Hello, I'm Joful.  Have we met?  



Seasoned Oak said:


> Im thinking of buying one of the old mansions in my town. Seems they change hands often. I told the wife i would not try to heat the entire structure to 70 in winter,just the main lived in parts.


I really enjoy living in and working on old houses.  Like families who are boat people, or camping people, we're old house people.  We always have at least one major project going on, more often 2 or 3.  It's a way to fill up a lot of time and spend a lot of money, which can be good or bad, depending on whether you enjoy that sort of thing.  On heating just part of the structure, do keep in mind that wood and plaster have very different CTE's, and this is complicated by the addition of modern materials (impervious latex paint on old porous stone and plaster, drywall & joint compound repairs, ceramic tile, etc.).  Letting the house temperature cycle might accelerate paint, grout, and plaster failures.



WiscWoody said:


> He has 84 windows now so I'm guessing that he will have over 100 windows when the addition is done. That's enough to keep a handyman busy just maintains them alone!


26 double-hung windows = 1773, wood sash in wood frames
1 fixed transom = 1773, wood sash in wood frame
8 double-hung windows = 1986, wood sash in wood and aluminum frames
12 double-hung windows = 1994, wood sash in vinyl clad wood frames
17 fixed transoms = 1994, wood sash in vinyl clad wood frame
==
64 windows.  I actually mis-typed when I said 84.  We also have 9 doors, and then a whole separate barn, all wood plank siding with plank wood doors, and an all wood wrap-around porch, with painted mahogany decking.  I have officially given up on painting, with the purchase of this house.  I just hire it out now, and I have a painter here a couple weeks of every year.

On window maintenance / rebuilding, many of the sills are completely rotten, thanks to some previous owner wrapping them in aluminum.  I've been going thru the process of pulling the sash, stripping, repainting, and then re-building the timber frames.  Sometimes involves pulling stonework around the frame.  Not a small job, and I was doing it all myself, until we finally found a carpenter who specializes in 18th century houses last fall.  He did the last window of last year's work season, and will be doing several more for me this year.



bag of hammers said:


> That is a true labour of love.  I think you might have at one time posted some interior pics of your place?  It's probably a thing of beauty.

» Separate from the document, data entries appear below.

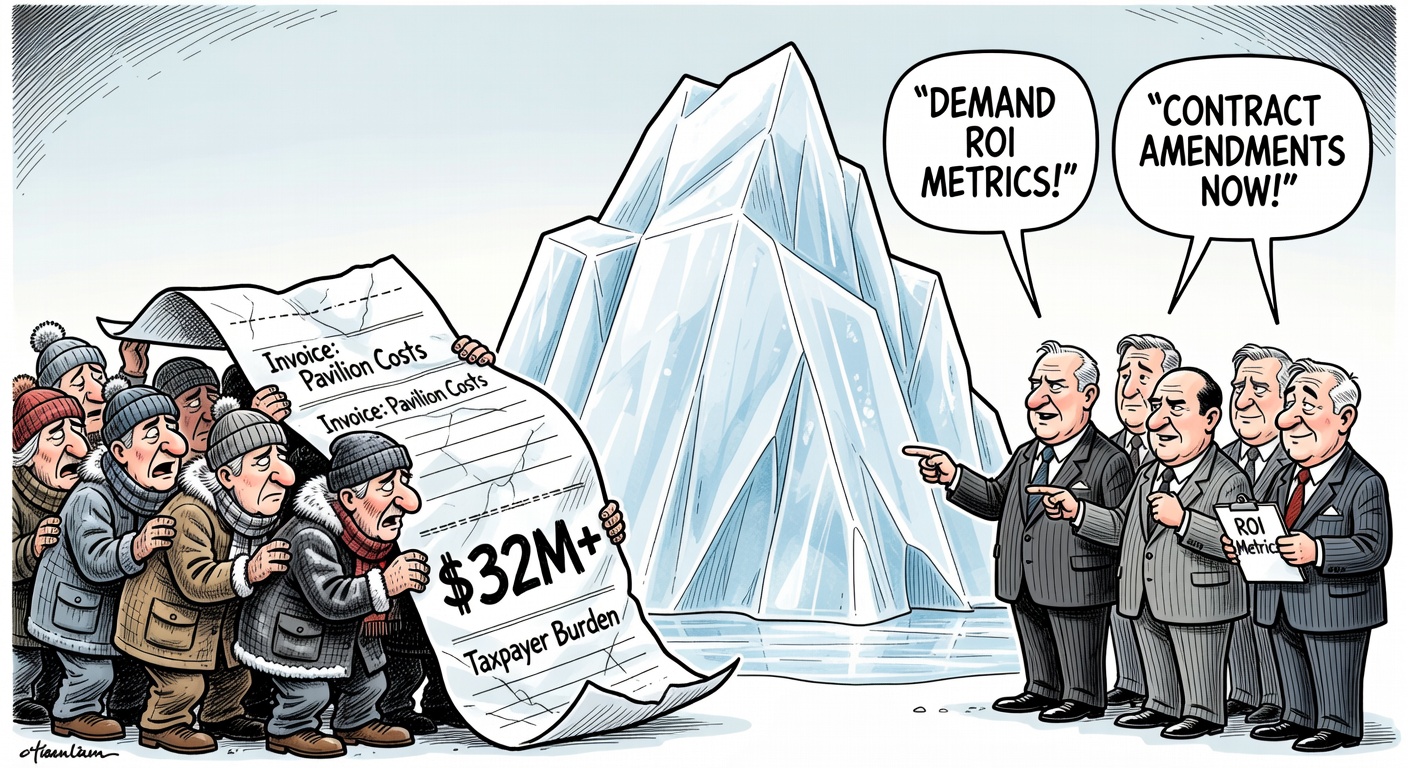 Editorial cartoon about Canada's Osaka Expo iceberg pavilion invoice and taxpayers demanding ROI receipts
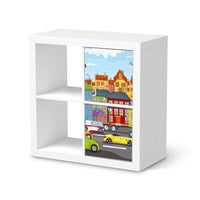 Möbelfolie City Life - IKEA Kallax Regal 2 Türen Hoch - weiss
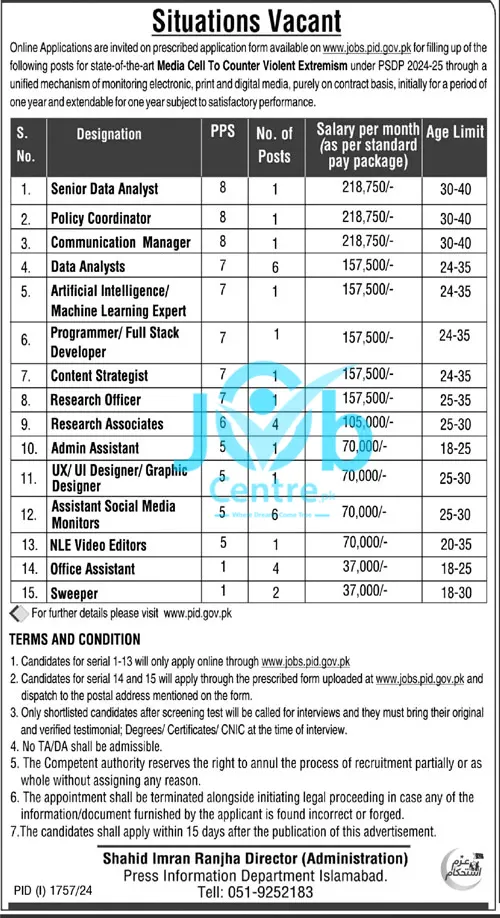 Advertisement for Press Information Department Jobs 2024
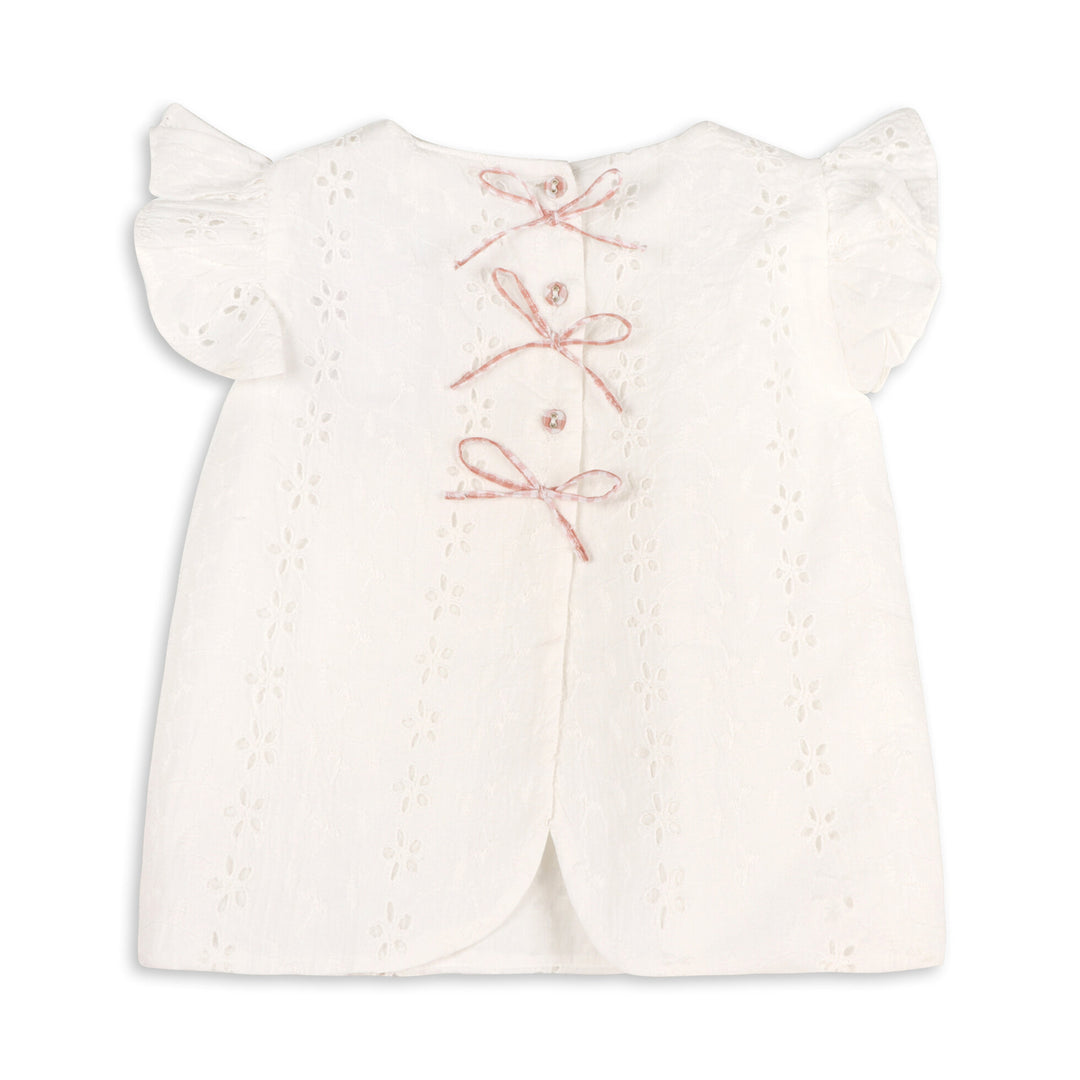 Organic Cotton Milly Eyelet Embroidered Baby Top + Ruffled Bloomer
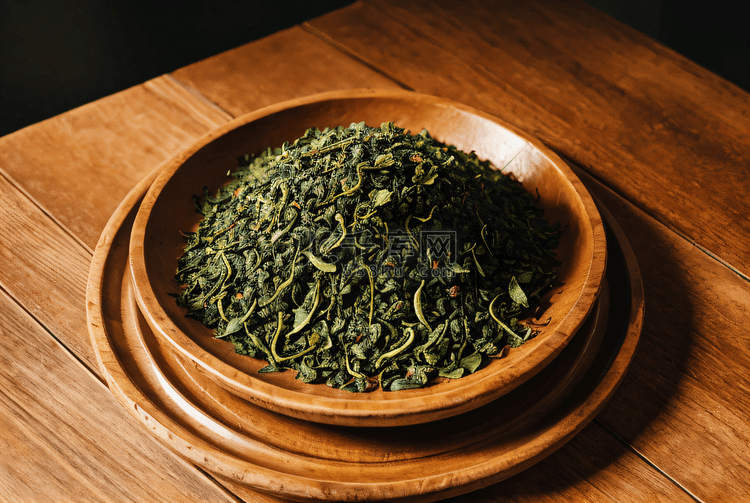 盘子里的绿茶茶叶摄影图片8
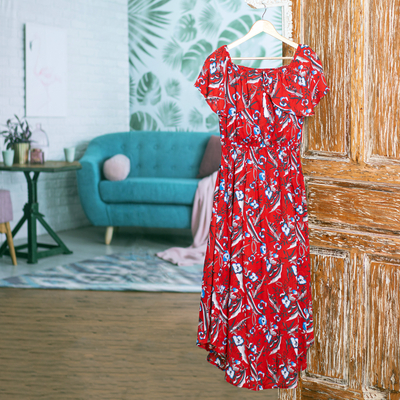 Rayon dress, 'Bloom Cascade' - White and Light Blue Floral Print on Red Rayon Midi Dress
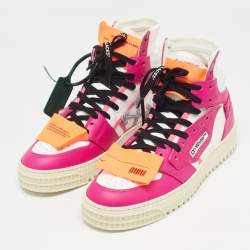 Pre Owned Off-White Fuchsia/White Leather 3.0 Off Court Sneakers Size 39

I've been bad about taking photos of the interior, as we rework each room.  Tons of "before" photos, not much "after."  I think I've posted a few photos, probably all "before," though.


----------



## valley ranch (May 14, 2014)

We had a fire yesterday morn. it was a bit cold, like 64degrees in the house.


----------



## WiscWoody (May 14, 2014)

valley ranch said:


> We had a fire yesterday morn. it was a bit cold, like 64degrees in the house.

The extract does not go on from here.